Recent studies support that healthy spiritual development is associated with lower levels of depression, suicide, drug and alcohol abuse and delinquent behaviors, along with later onset of sexual activity. This research, together with a recent survey of youth in our three group homes, reveals that adolescents see spirituality as a significant factor in their lives, but one which often goes unnourished. Fifty-two percent (52%) of youth surveyed responded with an emphatic “yes” when asked if they felt they needed and would benefit from spiritual life programming as an optional component of our core program. Another 10% of youth surveyed responded “maybe.”
Charles Hall Youth Services recognizes the strong connection between opportunities for healthy spiritual growth and the well-being of today's adolescents. In Spring 2007, a spiritual development counselor (Rev. Annette Pickard) was added to our program team to plan and coordinate spiritual life activities for interested youth.
Tribally Appropriate Programming
A cultural advisor (Phil St. John) serves as a liaison with tribal social services to facilitate placement and aftercare of Indian youth. In addition, he serves as a liaison with Indian families, both from the reservation and non-reservation communities. The cultural advisor/liaison mentors direct care staff and facilitates tribally appropriate care.

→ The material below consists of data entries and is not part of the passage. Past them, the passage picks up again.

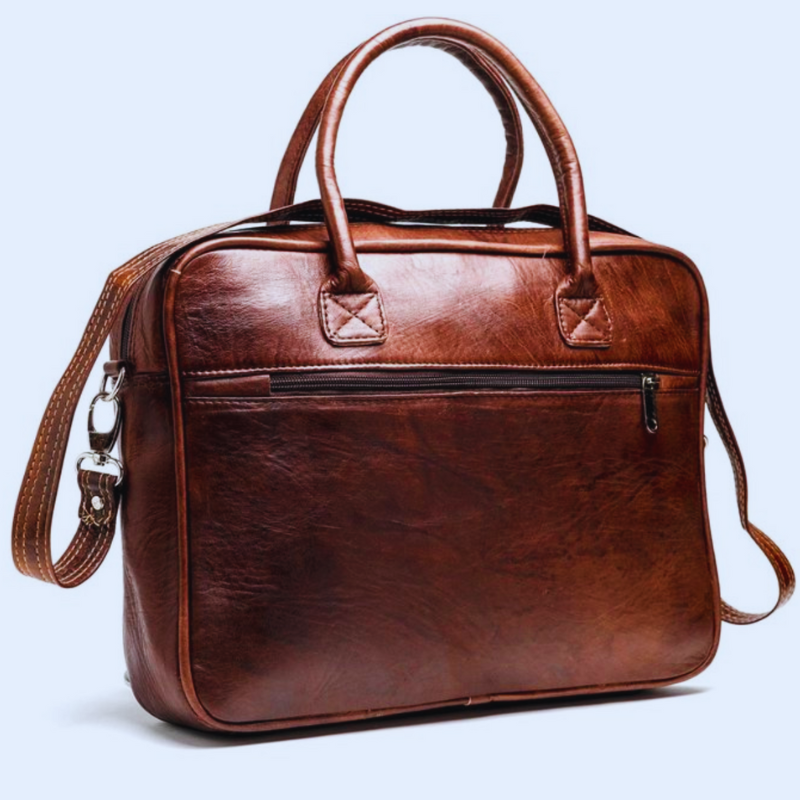Sac en cuir véritable Business man - PixaMaoc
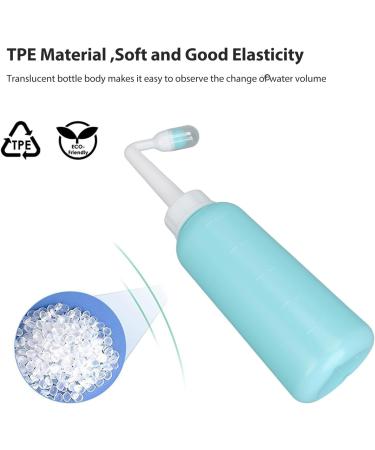 Buy TPE Vaginalusche 500ml Spray Bottle - Portable Hygienic Cleaning with Curved Nozzle & 12-Hole Spray Head - Ideal for Personal Care | International Shipping Available - Buy Online on GoSupps.com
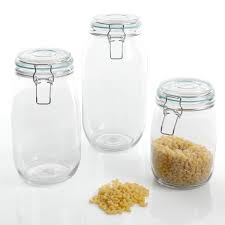 Canisters, jars & tins at argos. Gibson Home General Store Hollydale 3 Piece Glass Preserving Storage Jar Set Teal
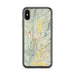 Custom Steamboat Springs Colorado Map Phone Case in Woodblock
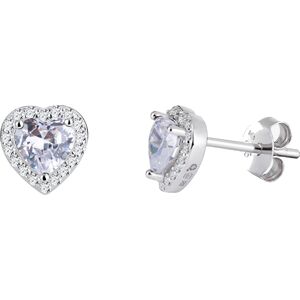 Preciosa Pôvabné strieborné náušnice Srdiečka so zirkónmi Velvet Heart 5371 00 Preciosa Pôvabné strieborné náušnice Srdiečka so zirkónmi Velvet Heart 5371 00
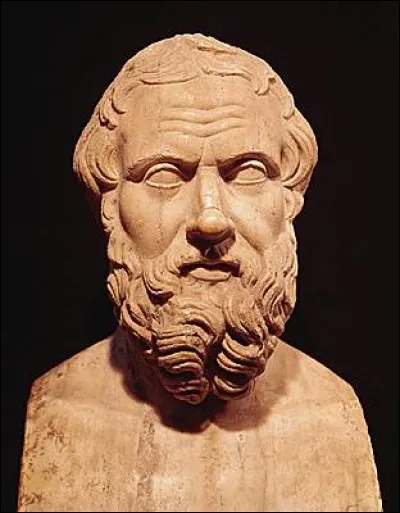 Né en - 484, il est le premier historien grec, souvent appelé "le père de l'histoire". De qui s'agit -il ?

If there is one factor that is true of every youth who comes to Charles Hall, it would be her or his need for a solid, consistent, caring relationship with an adult – someone who is not a parent, counselor, custodian or probation officer. A mentor is a youth's guide who voluntarily comes alongside the young teenager, walking with and listening to the youth. Then, when the time is right, mentors can share special life wisdom and understanding from their own experience and knowledge base.
Our new community mentor program will provide yet another crucial piece in creating a well-rounded, relationally-based system of care for our youth. Mentor matches will strive for a “good fit” between mentor and youth – a relationship that can grow and be sustained, long after a youth leaves our direct care. Community mentor volunteers of all ages (21 and above) will be recruited, carefully screened and selected. All it takes is one, caring adult to impact the life of a young person.
Our youth are involved in activities throughout the community through collaborations with area organizations, such as United Tribes Technical College, Impact Gallery, YMCA, Girl Scouts and Boy Scouts, and Bismarck Parks and Recreation.